In recent years I've started making herb-roasted nuts for the winter holidays, and they fill my kitchen with the most fabulous and lingering smell of rosemary and sage.

My recipe is loosely based on one I ran across in Food and Wine a few years back.  These nuts are easy to make; plus, they are crispier, more flavorful, and less salty than other mixed nuts you find in stores.  They make nice gifts for your keto friends, too.

Herb-Roasted Holiday Nuts

4 cups of raw mixed nuts of your choice (our favorite combo: almonds, cashews, Brazil nuts, and a few walnuts)

2 Tbs. olive oil

Salt to taste -- I use a combination of flaked salt and kosher

Freshly-ground black pepper

25-32 fresh sage leaves (depending on their size)

A few fresh rosemary leaves (about 2 inches of leaves from a sprig)

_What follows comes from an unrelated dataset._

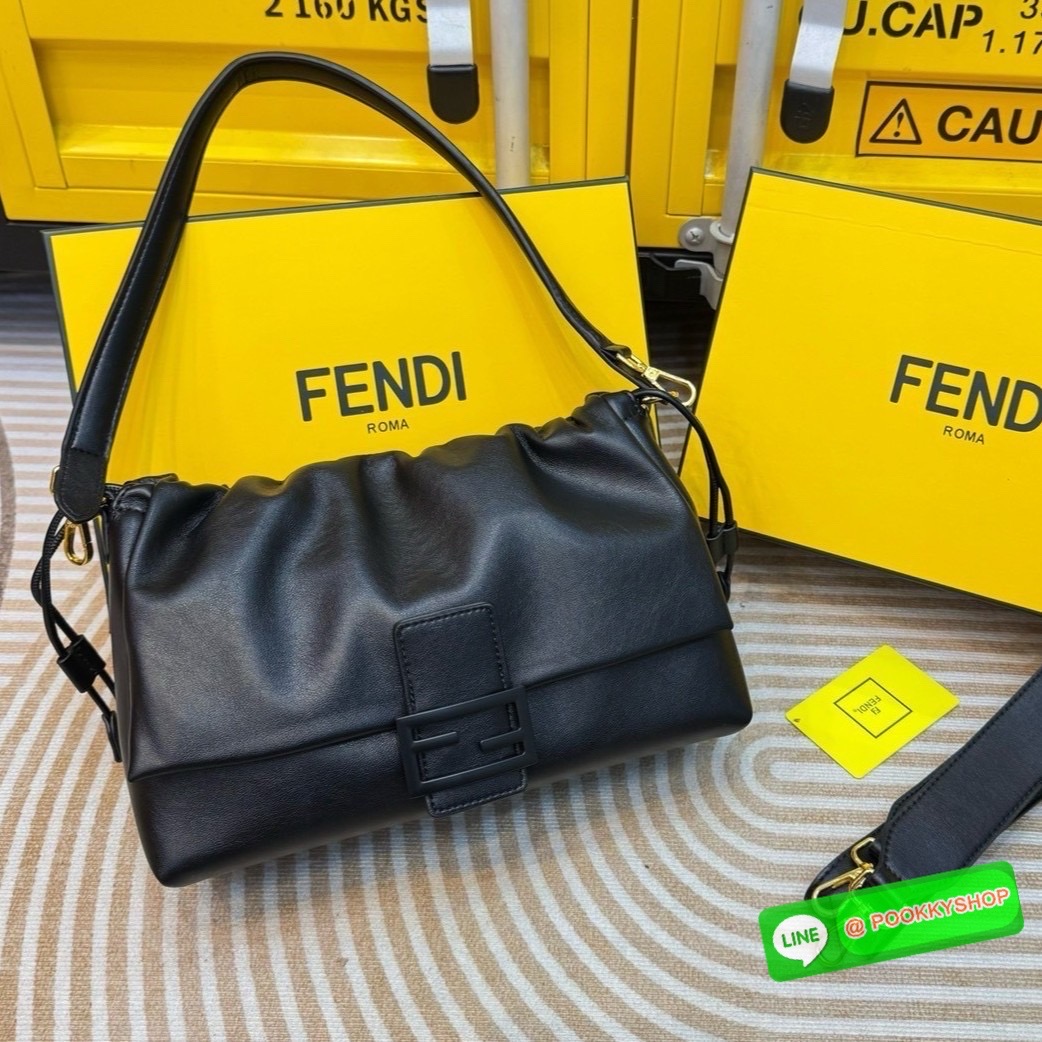FENDI Mamma Baguette Bag กระเป๋าสะพายทรงสวย ดีไซน์เรียบง่ายคลาสสิค หรู ดูผู้ดี รูปทรงใช้งานง่าย หนังสวยสัมผัสนุ่ม ใหม่ล่าสุด รุ่นลิมิเต็ดที่สาวๆตามหา ภายในโล่งกว้าง เสิร์ฟให้ในราคาน่ารักๆ ของมันต้องมีแบบนี้ ก็ต้องตำได้แล้วน้าอย่าช้า อย่าพลาด!!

Optional add-ins: fresh thyme leaves, fresh curry plant leaves, Aleppo red chili flakes

Combine the nuts with olive oil and herbs and salt and pepper in a bowl, and stir together until all the nuts are evenly coated. Spread the mixture on a half-sheet baking pan and roast in a 200-degree oven for 3 hours.  Let the nuts cool completely before storing in an airtight container.